Use & Care Guide

 

Guidelines for Use and Care of Stove&Dove Cast Iron Cookware

Congratulations! You’ve chosen a Stove&Dove cast iron designed to last a lifetime!  Cast Iron cookware heats up more evenly than any other kitchen pan. The new Stove&Dove skillet holds on to heat extremely well, releases healthy nutrition’s and makes your food taste delicious. Cast iron cookware can stand the test of time if properly cared for. Celebrated by chefs all around the globe, they believe that the older cast iron becomes, the better it performs. 

 

Seasoned Cast Iron Cookware

The Stove&Dove Cast Iron Cookware has been seasoned in the factory, that means that you can use it right out of the box. However, the seasoning in the factory is only primary, please do not expect satisfying "non-stick" finishing for the first cooking’s. The natural "non-stick" coating is only generated after repeated cooking with oily foods, which will make the food oil immerse into the porous of the cast iron and form a natural layer the so-called Platina.

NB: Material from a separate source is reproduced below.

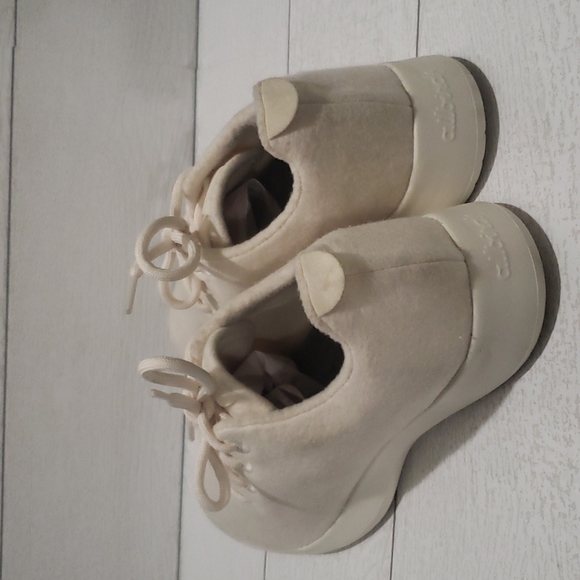 Allbirds wool runners cream mens shoes 11 - Picture 4 of 8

Follow these simple steps for washing, drying and storing, and you can enjoy the skillet for multiple generations.

 

Cleaning

  1. Rinse the cookware under hot water while scrubbing with a brush, removing all residuum of food. Wash the cast iron with mild dishwashing detergent or without soap and dry it inside and outside completely by low heat on stove for one or two minutes (then turn off stove) before storing. Do not overheat the cast iron empty, which will cause smoke and smell. If you heat dry the cast iron cookware completely, it won't rust. Never drain dry or put in the dishwasher, never scour with harsh abrasives, don’t use soap or less soap when washing, just rinse the cast iron with hot water, or wash the cast iron when it is still warm. The detergent or soap may ruin the healthy seasoning and could lead to rusting
  1. When the cast iron is completely dry, add a small amount of cooking oil or non-stick cooking spray to the cookware, and distribute evenly with a paper towel. Store in a warm, dry place with lids off to prevent condensation and rust.
  1. A cast iron requires a medium or medium to high setting on the stovetop because the material heats evenly and rapidly. Never place on an already-heated burner as this may cause it to crack. Never put the high heated cast iron into cold water.
  1. The use of a potholder is recommended. The handles of the cast iron will be hot when used.

 

Re-Seasoning

For optimal results, or if rust appears in any case, scour the areas with abrasive salt and oil, and then re-season the cast iron. This will re-build the smooth surface of the cast iron, keep it from deteriorating, rusting, and will eliminate the need for excess grease and oil when cooking. This simple process is as following:

  1. Wash with mild dishwashing detergent, rinse, and thoroughly heat dry the iron. Never drain dry or use the dishwasher.
  2. Rub a thin layer of vegetable oil on the interior and exterior of your cast iron cookware. (All cast iron lids must be treated the same way as your pots / pans.)
  3. Place oiled cookware into your oven and heat to 300 degrees – 400 degrees F for 30 – 60 minutes.
  4. Turn oven off and allow cookware to cool. Remove from oven, drain excess oil, and then wipe any remaining oil off with a paper towel.

 

FAQ

Q.1: My cast iron cookware got rusted after usage, is it a quality problem

A.1: Cast iron cookware is natural iron without densified coating, nor any plating of anti-rust, its capability of anti-rust is weak. As anti-rust layers often contain unhealthy chemicals it is not applied to any cast iron skillet. The exposure to rust is a general feature of cast iron skillets.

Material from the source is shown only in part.